**YOUR OBJECTIVE:** The answer is to be the lines below that lie between the line holding "Greatland nitewear men" and the line holding "Tổng Tài Đu Idol Chapter 25 - Trang 3", inclusive, transcribed exactly and free of pictures.

**DATA FOR REVIEW:**
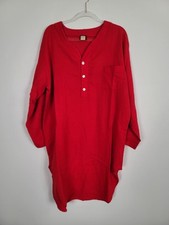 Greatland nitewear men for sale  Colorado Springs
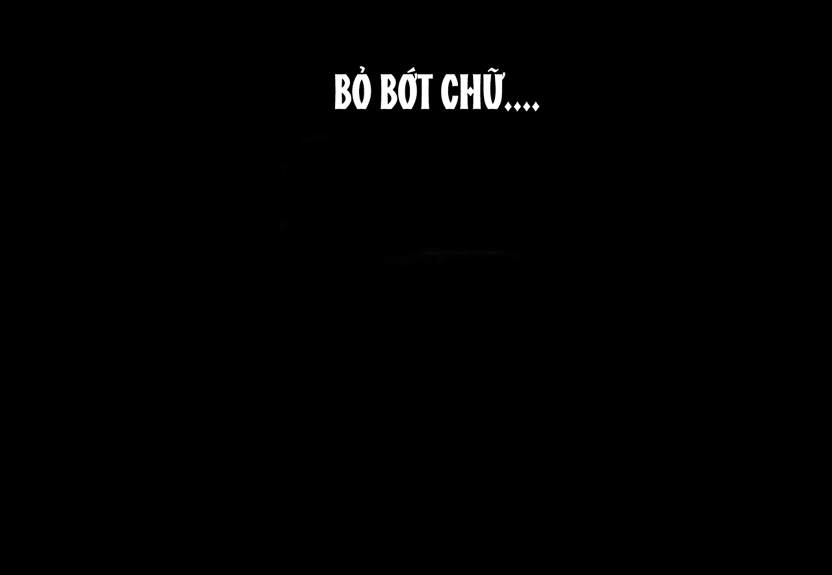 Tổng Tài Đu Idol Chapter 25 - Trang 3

* * *

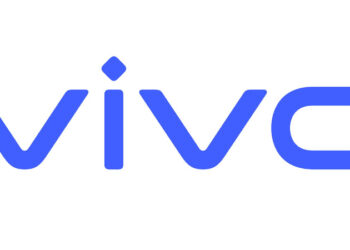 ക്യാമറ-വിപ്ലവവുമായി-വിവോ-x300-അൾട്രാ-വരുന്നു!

**ANSWER FOR THIS EXERCISE:**
 Greatland nitewear men for sale  Colorado Springs
 Tổng Tài Đu Idol Chapter 25 - Trang 3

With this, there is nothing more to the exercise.